The priority for whoever emerges from the Liberal partyroom meeting as winner tomorrow should be to start what will likely be a colossal brawl over energy policy and climate, both within Liberal ranks and with the Nationals, who remain stubbornly climate denialist even without high-vis cosplayer Matt Canavan tilting for the leadership on a “no net zero” platform.
The recovery of urban and suburban seats necessary for the Liberals to become competitive again will require fixing a number of problems: finding ways to stop alienating women and young voters, stopping the apparent involuntary questioning of the loyalty of Chinese-Australians — the last acceptable bigotry in Liberal ranks — and appearing relevant to an Australia where half the population is either from overseas or has a parent born overseas (and would thus, under Peter Dutton’s ill-fated citizenship revocation referendum, be eligible for deportation).
But having a sellable energy policy and appearing to take climate change seriously are both crucial — especially if the Liberals are to have any hope of retrieving teal seats. This doesn’t necessarily require taking climate seriously: Labor under Anthony Albanese has mastered the art of looking like it believes in the need to address the climate crisis while significantly worsening it with colossal, and mostly untaxed, fossil fuel exports. But the Coalition at least needs to look like it believes in the basics of science.

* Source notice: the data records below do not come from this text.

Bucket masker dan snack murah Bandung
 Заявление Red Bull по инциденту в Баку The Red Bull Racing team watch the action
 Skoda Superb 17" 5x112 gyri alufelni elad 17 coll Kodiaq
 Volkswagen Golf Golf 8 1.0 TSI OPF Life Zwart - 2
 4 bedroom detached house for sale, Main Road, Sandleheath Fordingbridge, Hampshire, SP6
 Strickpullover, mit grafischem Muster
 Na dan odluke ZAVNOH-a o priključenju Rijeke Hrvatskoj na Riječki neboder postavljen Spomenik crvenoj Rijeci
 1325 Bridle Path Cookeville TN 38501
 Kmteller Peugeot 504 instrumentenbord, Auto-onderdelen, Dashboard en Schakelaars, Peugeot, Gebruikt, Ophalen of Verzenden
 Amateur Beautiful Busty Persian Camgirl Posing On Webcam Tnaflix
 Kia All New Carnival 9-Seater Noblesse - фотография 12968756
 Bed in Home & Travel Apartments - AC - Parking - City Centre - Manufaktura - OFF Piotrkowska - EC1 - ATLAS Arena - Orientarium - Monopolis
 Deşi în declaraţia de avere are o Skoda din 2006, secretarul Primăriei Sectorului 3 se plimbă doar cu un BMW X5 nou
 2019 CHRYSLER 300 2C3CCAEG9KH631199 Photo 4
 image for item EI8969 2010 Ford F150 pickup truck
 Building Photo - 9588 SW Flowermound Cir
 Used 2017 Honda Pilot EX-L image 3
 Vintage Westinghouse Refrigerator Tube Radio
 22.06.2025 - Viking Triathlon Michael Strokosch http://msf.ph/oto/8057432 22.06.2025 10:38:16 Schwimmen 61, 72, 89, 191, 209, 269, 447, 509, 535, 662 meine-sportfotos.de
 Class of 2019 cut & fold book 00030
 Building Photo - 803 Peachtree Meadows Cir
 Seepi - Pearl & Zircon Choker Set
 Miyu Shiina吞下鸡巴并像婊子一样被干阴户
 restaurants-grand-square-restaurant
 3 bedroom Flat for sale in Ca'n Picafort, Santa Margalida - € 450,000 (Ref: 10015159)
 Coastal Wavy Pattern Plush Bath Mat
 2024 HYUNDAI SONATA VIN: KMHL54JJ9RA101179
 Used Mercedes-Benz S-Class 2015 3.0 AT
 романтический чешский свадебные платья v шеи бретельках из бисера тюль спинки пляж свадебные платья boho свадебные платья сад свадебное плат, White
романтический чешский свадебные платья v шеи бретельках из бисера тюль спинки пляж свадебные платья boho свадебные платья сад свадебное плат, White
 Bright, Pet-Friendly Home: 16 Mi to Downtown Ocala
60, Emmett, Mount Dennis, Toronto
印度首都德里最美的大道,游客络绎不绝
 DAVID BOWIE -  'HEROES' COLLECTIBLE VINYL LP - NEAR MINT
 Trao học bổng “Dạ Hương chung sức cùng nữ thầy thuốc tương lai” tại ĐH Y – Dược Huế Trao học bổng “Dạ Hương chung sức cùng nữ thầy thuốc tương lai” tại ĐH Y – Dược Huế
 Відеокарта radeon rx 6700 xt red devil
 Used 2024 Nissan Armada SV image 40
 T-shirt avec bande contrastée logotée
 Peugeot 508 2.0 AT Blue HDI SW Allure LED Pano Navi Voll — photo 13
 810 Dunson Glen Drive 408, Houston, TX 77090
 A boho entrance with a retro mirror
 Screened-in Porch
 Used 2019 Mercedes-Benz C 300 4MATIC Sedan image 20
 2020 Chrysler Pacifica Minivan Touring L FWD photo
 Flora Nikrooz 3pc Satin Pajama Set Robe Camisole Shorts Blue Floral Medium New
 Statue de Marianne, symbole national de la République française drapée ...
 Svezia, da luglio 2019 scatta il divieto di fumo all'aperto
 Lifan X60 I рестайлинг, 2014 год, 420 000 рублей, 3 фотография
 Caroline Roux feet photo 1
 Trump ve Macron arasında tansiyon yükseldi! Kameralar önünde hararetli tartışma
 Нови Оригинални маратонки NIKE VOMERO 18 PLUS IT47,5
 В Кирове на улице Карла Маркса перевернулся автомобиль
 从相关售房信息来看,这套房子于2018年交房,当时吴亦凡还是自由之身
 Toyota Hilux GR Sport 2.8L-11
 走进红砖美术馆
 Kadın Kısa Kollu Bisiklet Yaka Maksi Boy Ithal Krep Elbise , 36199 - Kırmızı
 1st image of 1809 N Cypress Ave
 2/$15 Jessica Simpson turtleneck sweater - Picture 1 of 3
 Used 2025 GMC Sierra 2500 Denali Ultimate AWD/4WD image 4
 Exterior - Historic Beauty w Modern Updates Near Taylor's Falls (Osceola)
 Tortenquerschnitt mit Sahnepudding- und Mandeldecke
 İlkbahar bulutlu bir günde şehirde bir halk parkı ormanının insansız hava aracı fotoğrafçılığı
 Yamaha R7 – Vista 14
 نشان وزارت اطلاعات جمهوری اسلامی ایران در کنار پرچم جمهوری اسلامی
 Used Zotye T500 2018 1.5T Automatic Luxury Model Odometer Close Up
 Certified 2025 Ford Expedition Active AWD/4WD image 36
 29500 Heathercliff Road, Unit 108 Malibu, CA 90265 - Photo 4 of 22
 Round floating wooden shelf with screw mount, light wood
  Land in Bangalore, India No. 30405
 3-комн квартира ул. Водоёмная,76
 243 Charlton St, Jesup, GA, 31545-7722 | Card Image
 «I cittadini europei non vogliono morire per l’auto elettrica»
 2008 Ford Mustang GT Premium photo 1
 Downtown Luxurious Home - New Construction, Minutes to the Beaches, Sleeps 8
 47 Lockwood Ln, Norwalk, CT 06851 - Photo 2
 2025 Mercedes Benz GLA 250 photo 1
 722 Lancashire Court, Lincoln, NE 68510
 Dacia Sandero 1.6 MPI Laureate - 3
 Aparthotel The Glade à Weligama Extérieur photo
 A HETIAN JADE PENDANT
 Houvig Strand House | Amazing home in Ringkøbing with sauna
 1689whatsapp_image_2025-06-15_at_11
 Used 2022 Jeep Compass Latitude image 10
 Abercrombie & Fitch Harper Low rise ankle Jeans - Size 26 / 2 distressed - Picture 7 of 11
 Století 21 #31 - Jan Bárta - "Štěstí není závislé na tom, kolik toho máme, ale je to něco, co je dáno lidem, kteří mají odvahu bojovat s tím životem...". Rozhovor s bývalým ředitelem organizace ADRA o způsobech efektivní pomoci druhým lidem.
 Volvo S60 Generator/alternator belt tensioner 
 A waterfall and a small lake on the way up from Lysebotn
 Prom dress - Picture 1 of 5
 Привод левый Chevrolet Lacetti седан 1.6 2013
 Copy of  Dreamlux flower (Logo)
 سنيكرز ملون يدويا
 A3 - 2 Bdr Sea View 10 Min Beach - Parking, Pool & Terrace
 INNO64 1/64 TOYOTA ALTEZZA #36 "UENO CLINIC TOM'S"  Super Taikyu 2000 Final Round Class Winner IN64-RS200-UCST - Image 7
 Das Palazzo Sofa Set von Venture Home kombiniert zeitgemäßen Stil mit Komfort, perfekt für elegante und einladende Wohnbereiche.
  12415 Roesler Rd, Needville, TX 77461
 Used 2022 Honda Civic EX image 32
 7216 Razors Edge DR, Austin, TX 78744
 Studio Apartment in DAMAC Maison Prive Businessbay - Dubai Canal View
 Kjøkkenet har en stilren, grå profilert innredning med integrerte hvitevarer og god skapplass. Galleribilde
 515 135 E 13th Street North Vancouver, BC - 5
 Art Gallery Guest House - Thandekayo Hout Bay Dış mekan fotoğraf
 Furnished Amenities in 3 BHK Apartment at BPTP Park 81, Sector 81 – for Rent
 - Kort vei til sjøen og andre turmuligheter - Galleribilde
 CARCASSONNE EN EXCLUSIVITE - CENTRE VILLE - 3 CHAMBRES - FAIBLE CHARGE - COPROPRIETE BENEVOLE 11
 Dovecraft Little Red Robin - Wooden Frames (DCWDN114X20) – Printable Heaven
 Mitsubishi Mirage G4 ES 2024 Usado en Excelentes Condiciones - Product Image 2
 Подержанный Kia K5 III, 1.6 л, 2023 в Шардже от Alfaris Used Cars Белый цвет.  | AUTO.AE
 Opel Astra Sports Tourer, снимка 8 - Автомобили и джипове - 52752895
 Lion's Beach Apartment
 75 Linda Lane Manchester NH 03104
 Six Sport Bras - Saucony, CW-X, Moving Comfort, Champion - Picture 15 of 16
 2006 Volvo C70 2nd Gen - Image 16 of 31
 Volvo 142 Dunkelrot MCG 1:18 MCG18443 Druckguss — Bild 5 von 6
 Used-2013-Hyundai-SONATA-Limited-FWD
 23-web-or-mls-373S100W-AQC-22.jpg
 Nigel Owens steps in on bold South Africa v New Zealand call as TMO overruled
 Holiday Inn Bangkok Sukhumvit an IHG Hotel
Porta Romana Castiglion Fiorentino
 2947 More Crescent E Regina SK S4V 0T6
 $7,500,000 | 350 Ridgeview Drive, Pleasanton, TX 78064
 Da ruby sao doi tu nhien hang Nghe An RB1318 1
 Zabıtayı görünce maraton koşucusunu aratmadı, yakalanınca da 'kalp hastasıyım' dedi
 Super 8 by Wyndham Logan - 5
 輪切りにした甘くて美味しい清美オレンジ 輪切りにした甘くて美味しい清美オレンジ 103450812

Peter Dutton’s energy and climate policy was an impressive achievement: a figleaf for climate denialism that also managed to trash core Liberal values and upset the party’s fossil fuel friends. Nuclear energy requires a monumental expansion in the role of the federal government, with costs running into the hundreds of billions, making it both a massive political target and a repudiation of the Liberals’ smaller government/free markets/fiscal discipline ethos. The gas reservation policy, hastily cobbled together as Dutton was walking into the House of Representatives to deliver his budget reply — intended to replace nuclear, given the latter had landed so badly with voters — only upset gas companies while contradicting the Liberals’ commitment to free markets. Voters didn’t even understand it.
But nuclear was only the latest in a string of fake climate policies adopted by the Coalition to assure the Nationals and the old-man-yells-at-cloud base of the Liberal party that no-one really believes all that nonsense.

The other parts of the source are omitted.